(The problem):
Each line containing the string "with" should be copied out of the entries.

(Provided entries):
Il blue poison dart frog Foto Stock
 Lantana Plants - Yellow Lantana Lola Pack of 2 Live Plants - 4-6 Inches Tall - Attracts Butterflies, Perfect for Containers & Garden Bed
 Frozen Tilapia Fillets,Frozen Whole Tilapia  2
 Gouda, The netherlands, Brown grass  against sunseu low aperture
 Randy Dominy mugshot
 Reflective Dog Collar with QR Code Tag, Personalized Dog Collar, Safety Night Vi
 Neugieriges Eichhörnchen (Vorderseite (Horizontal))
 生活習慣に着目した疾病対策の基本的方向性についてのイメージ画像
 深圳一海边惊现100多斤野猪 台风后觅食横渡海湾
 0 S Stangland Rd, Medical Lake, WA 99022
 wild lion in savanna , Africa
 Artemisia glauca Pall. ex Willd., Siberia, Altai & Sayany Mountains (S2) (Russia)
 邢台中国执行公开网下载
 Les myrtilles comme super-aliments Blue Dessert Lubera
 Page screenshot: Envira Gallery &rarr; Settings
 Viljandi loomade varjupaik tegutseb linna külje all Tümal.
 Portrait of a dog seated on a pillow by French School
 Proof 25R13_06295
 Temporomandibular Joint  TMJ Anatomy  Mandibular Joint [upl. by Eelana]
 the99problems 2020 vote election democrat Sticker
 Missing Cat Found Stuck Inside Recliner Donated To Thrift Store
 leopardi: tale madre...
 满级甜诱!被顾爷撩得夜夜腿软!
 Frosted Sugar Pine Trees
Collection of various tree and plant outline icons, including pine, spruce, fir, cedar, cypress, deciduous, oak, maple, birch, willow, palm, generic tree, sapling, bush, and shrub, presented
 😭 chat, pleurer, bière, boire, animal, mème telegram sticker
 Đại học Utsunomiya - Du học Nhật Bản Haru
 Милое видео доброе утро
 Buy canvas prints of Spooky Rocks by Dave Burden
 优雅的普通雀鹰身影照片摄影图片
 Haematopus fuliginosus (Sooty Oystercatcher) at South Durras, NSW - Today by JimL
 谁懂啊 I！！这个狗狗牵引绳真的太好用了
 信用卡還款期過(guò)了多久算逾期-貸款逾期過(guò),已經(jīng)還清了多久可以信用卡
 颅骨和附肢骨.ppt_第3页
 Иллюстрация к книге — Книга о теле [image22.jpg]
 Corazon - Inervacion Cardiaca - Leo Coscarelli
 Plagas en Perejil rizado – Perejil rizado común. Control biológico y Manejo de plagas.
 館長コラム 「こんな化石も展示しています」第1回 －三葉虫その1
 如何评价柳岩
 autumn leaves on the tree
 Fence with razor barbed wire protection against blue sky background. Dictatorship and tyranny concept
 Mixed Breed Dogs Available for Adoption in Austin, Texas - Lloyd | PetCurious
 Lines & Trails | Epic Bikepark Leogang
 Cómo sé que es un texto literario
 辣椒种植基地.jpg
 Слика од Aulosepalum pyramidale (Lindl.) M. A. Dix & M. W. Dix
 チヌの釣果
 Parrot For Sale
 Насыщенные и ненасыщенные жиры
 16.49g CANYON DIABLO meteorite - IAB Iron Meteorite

(Solution):
 Reflective Dog Collar with QR Code Tag, Personalized Dog Collar, Safety Night Vi
 Fence with razor barbed wire protection against blue sky background. Dictatorship and tyranny concept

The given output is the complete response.